When Being Unseen from mBERT is just the Beginning: Handling New Languages With Multilingual Language Models

Published 24 Oct 2020 in cs.CL | (2010.12858v2)

Abstract: Transfer learning based on pretraining LLMs on a large amount of raw data has become a new norm to reach state-of-the-art performance in NLP. Still, it remains unclear how this approach should be applied for unseen languages that are not covered by any available large-scale multilingual LLM and for which only a small amount of raw data is generally available. In this work, by comparing multilingual and monolingual models, we show that such models behave in multiple ways on unseen languages. Some languages greatly benefit from transfer learning and behave similarly to closely related high resource languages whereas others apparently do not. Focusing on the latter, we show that this failure to transfer is largely related to the impact of the script used to write such languages. Transliterating those languages improves very significantly the ability of large-scale multilingual LLMs on downstream tasks.
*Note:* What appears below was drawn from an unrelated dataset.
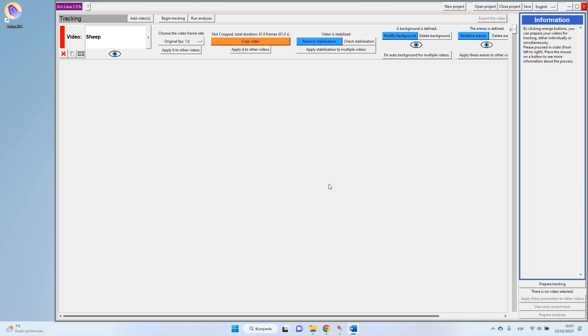Hello everyone and welcome in this fourth video of Animalta tutorial. Today we will see how to set the correct parameters for the tracking.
Abstract PDF Upgrade to Chat

Citations (160)

View on Semantic Scholar

Summary

The paper presents a taxonomy that categorizes unseen languages into easy, intermediate, and hard groups based on script similarity and transfer performance.
It shows that unsupervised MLM tuning boosts results for intermediate languages like Maltese and Bambara.
The study reveals transliteration as a practical strategy to enhance cross-lingual transfer for hard languages with dissimilar scripts, such as Sorani Kurdish and Uyghur.

Overview of Handling New Languages with Multilingual LLMs

The paper "When Being Unseen from mBERT is just the Beginning: Handling New Languages With Multilingual LLMs" investigates the application of multilingual LLMs, such as mBERT and XLM-R, to languages that are markedly underrepresented in NLP resources, particularly examining the factors that govern successful transfer learning. The research contrasts monolingual and multilingual models' performance on unseen languages that are not included in pretraining datasets.

The study scrutinizes the diverse behaviors of LLMs on these unseen languages and delineates a taxonomy of these languages into three categories based on performance: Easy, Intermediate, and Hard. Each category reflects distinct levels of difficulty for a model to achieve competitive results in various NLP tasks.

Easy, Intermediate, and Hard Languages

Easy Languages: These are languages that, despite not being seen in the LLM's pretraining data, exhibit strong zero-shot performance. This occurs when the languages are related to seen languages in both language family and script. An example is Faroese, where mBERT achieves high performance metrics akin to those of high-resource languages.
Intermediate Languages: These languages require additional unsupervised MLM-tuning on available raw data to outperform baseline models. Languages like Maltese and Bambara are representative of this category. They show improved performance when the multilingual model is adapted to the specific linguistic data of the target language.
Hard Languages: These pose significant challenges due to factors like differing scripts from related languages used during pretraining. For example, Sorani Kurdish, which uses the Arabic script, and Uyghur exhibit performance lagging behind strong non-contextual baselines, even after MLM-tuning.

Importance of Script in Transfer Learning

The study highlights the critical role of script in the transfer learning capabilities of multilingual models. It argues that cross-lingual transfer is notably hindered when the unseen language is in a script that differs from related languages present in the pretraining set. The researchers demonstrated that transliterating languages like Sorani and Uyghur to Latin script—aligned with that of seen languages such as Turkish—resulted in performance boosts, thus underscoring the importance of script alignment in enhancing model performance.

Practical Implications

The practical implications of these findings suggest that transliteration could serve as a pivotal step towards extending the utility of existing large-scale multilingual models to underrepresented languages. Transliteration effectively bridges the script gap, allowing the model to leverage learned representations from related languages more effectively.

Speculations on Future Developments

A potential future direction would involve further understanding and exploiting the interaction between script, language family, and model architecture. Particularly, improved script-processing techniques or model components explicitly designed to handle diverse scripts could enhance the generalization capabilities of LLMs across typologically diverse languages.

In summary, this research provides valuable insights into the performance of multilingual models on unseen languages and proposes transliteration as a viable strategy to enhance cross-lingual transfer for hard-to-transfer languages. Such advancements could play a crucial role in democratizing access to NLP capabilities for a broader spectrum of the world's languages.